You're referring to Catholicism. That religion is blasphemous to God,
as is clearly pointed out in numerous places in the Bible. Many man-
made religions are blasphemous by adding to or taking away from what
the Word of God says. Even the Pharisees put in their own man-made
rules, with Jesus right there to tell them otherwise.
Is this an adequate definition of human life or is this a form of
Christian pathology that has been imposed on human beings by an inadequate
theology of antiquity? Can such a theology escape its destructiveness?
You need to ask God this question. It's His Word that clearly outlines
all of this. So you need to tell Him you reject what he says, and
you're going to reject Him as well. It's clearly stated:
Rom 3:10 As it is written, There is none righteous, no, not one:
Rom 3:23 For all have sinned, and come short of the glory of God;
And even putting aside being born into sin. There is no one that is so
perfect to have never even broken one of the 10 commandments.
And in terms of baptism:
Mar 16:16 He that believeth and is baptized shall be saved; but he
that believeth not shall be damned.
This is the Word of God. If you think this is an inadequate definition
of human life, please take it up with God. Meanwhile, the rest of us
continue to worship, love and follow God and His Word. After all, He
is the one that created all of us.
Would any human enterprise designed to provide training for effective
parenting operate from this point of view?
To compare the divine will of God to human enterprise is a joke at
best. If that's how you try to validate the worthiness of God's
wisdom, I don't know what to tell you.
I am,
however, now convinced beyond reasonable doubt that the traditional
explanations offered by Christian theology to interpret human life as
fallen and thus predisposed to evil is not just an inadequate
anthropology, but it is hopelessly flawed, pathologically distorted, wrong
and it therefore must be abandoned.
Take it up with God and His word in the Bible.

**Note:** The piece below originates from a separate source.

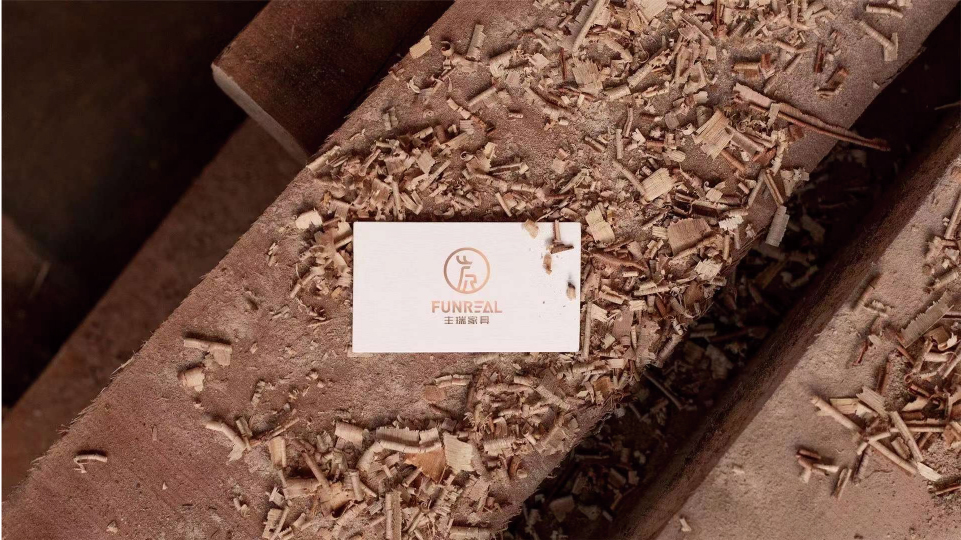 丰瑞家具logo设计图3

Many religions add to
what's in the Bible and change the rules, but the perfect word of God
is quite clear on all of this. You may choose to abandon God, as many
people unfortunately do. But realize the only thing you are professing
is to abandon the Word of God - the One you created you.

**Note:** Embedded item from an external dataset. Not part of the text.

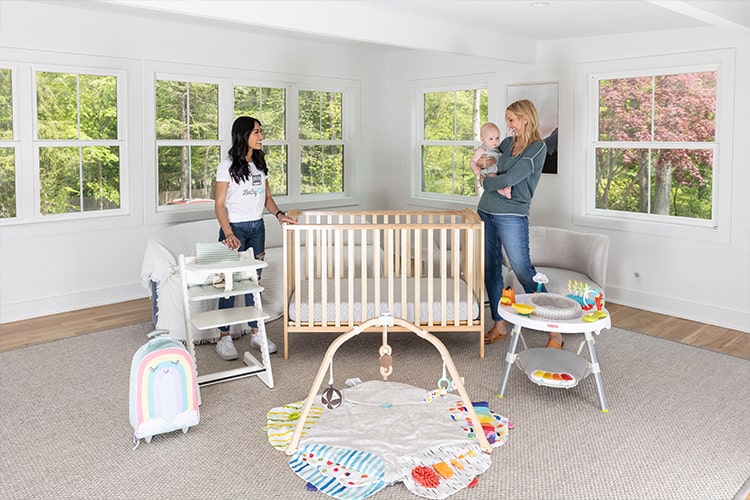 Tips For Making Your Rental Property Baby-Friendly With Babyquip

Let me put it boldly. Human Beings are not born in sin!
So God is a liar and the Bible a book of lies, and Jesus suffered and
died for nothing?
In 1859 Charles Darwin published The Origin of the Species in which a
radically different understanding of human life was proposed.

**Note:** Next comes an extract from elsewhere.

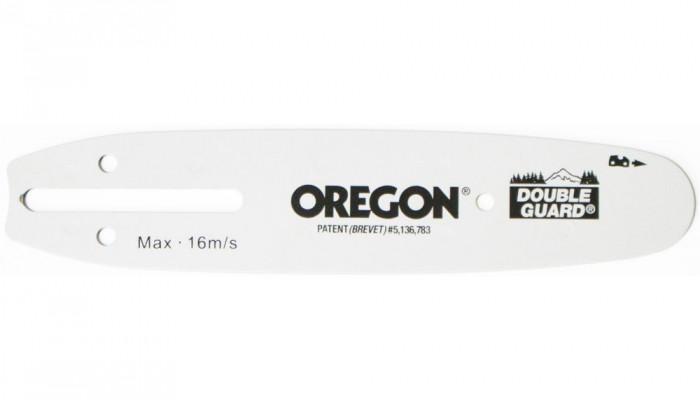 Guide chaine Oregon 240 mm pour tronçonneuse- outils 4-en-1 -élagueuse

You're going to uphold the word of a mere human being, created by God,
over what God Himself says? That is bold.
What you propose is really a version of you not believing in God, and
calling God a liar.
This anthropology will inevitably require a new definition of God, a new
understanding of the role of Christ as Savior, a newly restructured
religious institution, new liturgical expressions, and a new understanding
of priesthood. In a word, it will require a radical reformation that will
create what will appear to be a new definition of human life. It will mean
we can no longer talk about Jesus as the one who died for our sins"
Rom 1:21 Because that, when they knew God, they glorified him not as
God, neither were thankful; but became vain in their imaginations, and
their foolish heart was darkened.
Rom 1:22 Professing themselves to be wise, they became fools,
Rom 1:23 And changed the glory of the incorruptible God into an image
made like to corruptible man, and to birds, and fourfooted beasts, and
creeping things.
Well that is flat out blasphemy. To say the son of God suffered and
died for nothing. Nothing could be further from the truth. The penalty
for sinning against a Holy God, being born into sin, not to mention
the sin you've no doubt performed since being born, is death:
Rom 6:23 For the wages of sin is death; but the gift of God is
eternal life through Jesus Christ our Lord.
But Jesus Christ, the Son of God, suffered and died and rose from the
dead to save us all from the punishment for our sins. Jesus took that
punishment.
I would think twice before changing the glory of the incorruptible God
into an image made like corruptible man.
Praise the Lord!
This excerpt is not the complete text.